We deployed a buoy that sampled dissolved CO2, DO, water temperature, photosynthetically active radiation (PAR), and wind speed for 2-4 days on each lake. All water measurements were made at a depth of 0.5 m. Wind speed was measured one meter above the lake, using an RM Young model 03001, and PAR was measured 10 cm above the lake surface using a Li-Cor model 190SA quantum sensor. Electronic control and data collection were managed by a Campbell Scientific CR10X data logger. DO and water temperature were measured with a YSI model 600-XLM sonde fitted with a Rapid Pulse oxygen probe (model 6562) and temperature sensor. The sonde was attached to the buoy at the opposite end from the CO2 equilibration chamber (described below).

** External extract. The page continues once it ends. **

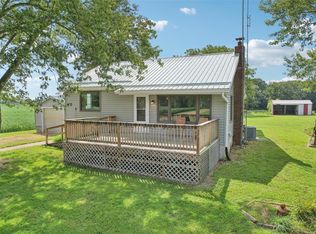 18083 E 4th Rd, Litchfield, IL 62056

We measured dissolved CO2 independently from DO. We equilibrated a closed loop of atmospheric gas in an equilibration chamber submerged to 0.5 m. The equilibrated gas volume was about 234 ml. We recirculated gas for the last 10 minutes of every 30 minute period, with a flow rate of about 9 ml s-1. A pump exchanged lake water every minute during equilibration. Equilibrated gas was diverted to the IRGA, equipped with a 14 cm sample cell for lakes with CO2 concentration under 2000 ppm or a 5 cm sample cell for lakes with CO2 concentration between 2000-20000 ppm. Following analysis of equilibrated gas, solenoids were activated to route atmospheric gas (taken 10 cm above the water) for CO2 analysis.
Time series data are included for 25 of the lakes.
Additional detail of the methods available in Hanson et al. (2003)
Hanson, P. C., D. L. Bade, S. R. Carpenter, and T. K. Kratz. 2003. Lake metabolism: Relationships with dissolved organic carbon and phosphorus. Limnol. Oceanogr. 48: 1112-1119.